• **HOW TO COMPLETE THIS TASK**
Two lines mark the range in the entries below: the one holding "Figure 5: Total" and the one holding "13 Dashboard Design". Set down those two and all lines between them, exactly.
________________
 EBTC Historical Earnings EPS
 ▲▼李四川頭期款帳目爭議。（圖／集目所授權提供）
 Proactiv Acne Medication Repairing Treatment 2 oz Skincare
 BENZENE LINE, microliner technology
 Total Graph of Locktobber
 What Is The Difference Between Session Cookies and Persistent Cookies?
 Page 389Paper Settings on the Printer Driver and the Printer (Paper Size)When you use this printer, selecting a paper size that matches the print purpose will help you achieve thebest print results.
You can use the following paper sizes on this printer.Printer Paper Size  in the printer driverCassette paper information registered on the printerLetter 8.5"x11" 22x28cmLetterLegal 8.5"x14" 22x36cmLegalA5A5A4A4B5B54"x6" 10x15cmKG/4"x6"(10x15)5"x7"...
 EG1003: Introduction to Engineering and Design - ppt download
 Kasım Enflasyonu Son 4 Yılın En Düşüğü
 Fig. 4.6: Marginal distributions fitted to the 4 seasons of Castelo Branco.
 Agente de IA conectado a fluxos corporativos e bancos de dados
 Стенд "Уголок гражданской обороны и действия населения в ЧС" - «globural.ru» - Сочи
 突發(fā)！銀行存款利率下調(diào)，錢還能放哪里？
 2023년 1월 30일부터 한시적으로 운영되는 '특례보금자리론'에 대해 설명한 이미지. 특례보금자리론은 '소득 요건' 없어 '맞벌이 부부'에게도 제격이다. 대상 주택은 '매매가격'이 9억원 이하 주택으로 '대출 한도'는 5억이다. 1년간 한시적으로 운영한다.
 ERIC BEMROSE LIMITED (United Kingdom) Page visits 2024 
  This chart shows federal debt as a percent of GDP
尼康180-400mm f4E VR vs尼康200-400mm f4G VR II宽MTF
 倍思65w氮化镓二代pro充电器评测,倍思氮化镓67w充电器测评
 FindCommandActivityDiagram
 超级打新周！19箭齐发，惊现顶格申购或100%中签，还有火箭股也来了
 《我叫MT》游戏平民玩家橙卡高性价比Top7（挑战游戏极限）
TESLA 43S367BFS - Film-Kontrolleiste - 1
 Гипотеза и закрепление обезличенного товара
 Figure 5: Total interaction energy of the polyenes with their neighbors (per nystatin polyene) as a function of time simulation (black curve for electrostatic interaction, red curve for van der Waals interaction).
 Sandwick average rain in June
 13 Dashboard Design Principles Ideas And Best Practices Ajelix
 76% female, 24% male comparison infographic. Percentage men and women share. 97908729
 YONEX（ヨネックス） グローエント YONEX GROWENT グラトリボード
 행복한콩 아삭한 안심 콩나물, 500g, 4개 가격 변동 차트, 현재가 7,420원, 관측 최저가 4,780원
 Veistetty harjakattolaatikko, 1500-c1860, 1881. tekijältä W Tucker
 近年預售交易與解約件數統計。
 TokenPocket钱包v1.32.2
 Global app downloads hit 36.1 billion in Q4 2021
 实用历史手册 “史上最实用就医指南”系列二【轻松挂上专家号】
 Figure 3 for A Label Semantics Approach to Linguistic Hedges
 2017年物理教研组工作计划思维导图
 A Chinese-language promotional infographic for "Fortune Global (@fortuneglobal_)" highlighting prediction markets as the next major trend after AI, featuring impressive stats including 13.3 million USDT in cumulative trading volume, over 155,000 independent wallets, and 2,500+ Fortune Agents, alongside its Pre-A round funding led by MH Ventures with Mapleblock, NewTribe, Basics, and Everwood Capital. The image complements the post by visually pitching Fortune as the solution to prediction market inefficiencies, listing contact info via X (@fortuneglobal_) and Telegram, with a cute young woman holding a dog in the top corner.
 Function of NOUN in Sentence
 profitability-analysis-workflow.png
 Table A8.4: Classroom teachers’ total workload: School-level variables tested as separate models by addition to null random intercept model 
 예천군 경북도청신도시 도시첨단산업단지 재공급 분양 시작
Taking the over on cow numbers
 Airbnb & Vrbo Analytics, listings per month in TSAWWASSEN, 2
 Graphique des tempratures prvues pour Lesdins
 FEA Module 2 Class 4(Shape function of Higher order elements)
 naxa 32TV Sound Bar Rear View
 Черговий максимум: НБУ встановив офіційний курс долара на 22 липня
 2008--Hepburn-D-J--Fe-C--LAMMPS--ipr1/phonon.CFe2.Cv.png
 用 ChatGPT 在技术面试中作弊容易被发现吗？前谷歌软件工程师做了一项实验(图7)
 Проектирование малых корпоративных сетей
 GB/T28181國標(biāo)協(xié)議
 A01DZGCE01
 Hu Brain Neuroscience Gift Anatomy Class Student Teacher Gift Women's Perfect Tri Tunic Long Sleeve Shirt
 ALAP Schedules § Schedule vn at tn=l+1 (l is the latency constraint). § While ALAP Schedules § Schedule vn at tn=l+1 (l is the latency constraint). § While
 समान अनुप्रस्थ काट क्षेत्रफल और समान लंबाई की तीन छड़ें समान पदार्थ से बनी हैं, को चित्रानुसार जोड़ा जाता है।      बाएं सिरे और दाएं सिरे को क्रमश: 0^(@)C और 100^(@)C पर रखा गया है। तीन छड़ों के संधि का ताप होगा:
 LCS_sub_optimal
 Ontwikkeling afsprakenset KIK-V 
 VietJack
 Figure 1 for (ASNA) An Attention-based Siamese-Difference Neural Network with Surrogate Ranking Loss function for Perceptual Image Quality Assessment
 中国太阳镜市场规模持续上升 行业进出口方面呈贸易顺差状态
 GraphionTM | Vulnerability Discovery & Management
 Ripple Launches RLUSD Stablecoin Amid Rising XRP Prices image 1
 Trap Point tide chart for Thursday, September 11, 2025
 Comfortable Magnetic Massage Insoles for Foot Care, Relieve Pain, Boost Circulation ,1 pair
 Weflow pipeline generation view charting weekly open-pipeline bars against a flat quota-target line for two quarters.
________________
• **EXPECTED ANSWER**
 Figure 5: Total interaction energy of the polyenes with their neighbors (per nystatin polyene) as a function of time simulation (black curve for electrostatic interaction, red curve for van der Waals interaction).
 Sandwick average rain in June
 13 Dashboard Design Principles Ideas And Best Practices Ajelix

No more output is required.